■ **WORK TASK**
In the entries below, find the line with "Showcase, walnut root, walnut" and the line with "Italeri Volvo vn"; give again those lines and every line between them, exactly.

---- THE DATA

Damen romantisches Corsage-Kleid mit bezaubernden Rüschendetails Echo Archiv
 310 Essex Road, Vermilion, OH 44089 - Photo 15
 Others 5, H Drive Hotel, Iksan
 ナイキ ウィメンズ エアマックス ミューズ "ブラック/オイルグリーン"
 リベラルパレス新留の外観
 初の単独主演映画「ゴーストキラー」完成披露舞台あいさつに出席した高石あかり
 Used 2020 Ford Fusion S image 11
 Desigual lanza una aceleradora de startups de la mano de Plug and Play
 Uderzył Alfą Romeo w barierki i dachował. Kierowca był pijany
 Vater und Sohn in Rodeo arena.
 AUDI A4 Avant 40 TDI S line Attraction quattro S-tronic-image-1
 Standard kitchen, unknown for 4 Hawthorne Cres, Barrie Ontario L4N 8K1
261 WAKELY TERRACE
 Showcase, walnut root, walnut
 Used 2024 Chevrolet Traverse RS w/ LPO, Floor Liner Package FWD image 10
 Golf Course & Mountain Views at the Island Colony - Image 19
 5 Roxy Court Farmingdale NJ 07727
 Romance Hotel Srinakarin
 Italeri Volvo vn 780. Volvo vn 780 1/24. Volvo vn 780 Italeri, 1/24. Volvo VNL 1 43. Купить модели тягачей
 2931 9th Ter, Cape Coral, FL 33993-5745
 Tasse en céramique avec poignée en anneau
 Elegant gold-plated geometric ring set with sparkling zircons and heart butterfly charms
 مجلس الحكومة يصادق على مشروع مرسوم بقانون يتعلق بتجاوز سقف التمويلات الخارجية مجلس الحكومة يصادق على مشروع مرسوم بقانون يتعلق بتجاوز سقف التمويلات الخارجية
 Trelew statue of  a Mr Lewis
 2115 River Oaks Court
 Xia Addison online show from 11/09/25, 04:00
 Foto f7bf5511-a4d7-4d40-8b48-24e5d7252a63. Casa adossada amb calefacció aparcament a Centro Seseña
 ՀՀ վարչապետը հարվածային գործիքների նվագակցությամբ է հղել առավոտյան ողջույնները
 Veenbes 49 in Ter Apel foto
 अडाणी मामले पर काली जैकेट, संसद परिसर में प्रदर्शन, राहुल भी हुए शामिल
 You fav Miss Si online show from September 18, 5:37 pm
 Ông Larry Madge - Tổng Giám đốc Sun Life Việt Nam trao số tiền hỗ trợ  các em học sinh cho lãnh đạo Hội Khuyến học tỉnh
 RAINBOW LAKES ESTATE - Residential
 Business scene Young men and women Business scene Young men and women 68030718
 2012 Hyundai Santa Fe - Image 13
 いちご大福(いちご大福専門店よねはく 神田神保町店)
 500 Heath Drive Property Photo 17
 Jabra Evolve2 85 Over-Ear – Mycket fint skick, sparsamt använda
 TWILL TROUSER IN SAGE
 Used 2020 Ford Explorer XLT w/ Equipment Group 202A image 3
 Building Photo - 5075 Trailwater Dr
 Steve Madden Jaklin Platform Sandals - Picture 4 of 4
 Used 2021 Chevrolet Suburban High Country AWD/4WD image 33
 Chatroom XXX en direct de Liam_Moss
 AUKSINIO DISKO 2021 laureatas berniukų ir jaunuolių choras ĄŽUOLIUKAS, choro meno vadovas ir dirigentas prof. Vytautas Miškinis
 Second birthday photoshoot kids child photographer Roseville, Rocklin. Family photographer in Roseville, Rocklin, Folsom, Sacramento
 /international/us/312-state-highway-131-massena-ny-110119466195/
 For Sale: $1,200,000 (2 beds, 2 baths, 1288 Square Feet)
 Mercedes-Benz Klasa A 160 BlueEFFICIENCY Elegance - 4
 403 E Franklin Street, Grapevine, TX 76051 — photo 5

--------

■ **TASK OUTPUT**
 Showcase, walnut root, walnut
 Used 2024 Chevrolet Traverse RS w/ LPO, Floor Liner Package FWD image 10
 Golf Course & Mountain Views at the Island Colony - Image 19
 5 Roxy Court Farmingdale NJ 07727
 Romance Hotel Srinakarin
 Italeri Volvo vn 780. Volvo vn 780 1/24. Volvo vn 780 Italeri, 1/24. Volvo VNL 1 43. Купить модели тягачей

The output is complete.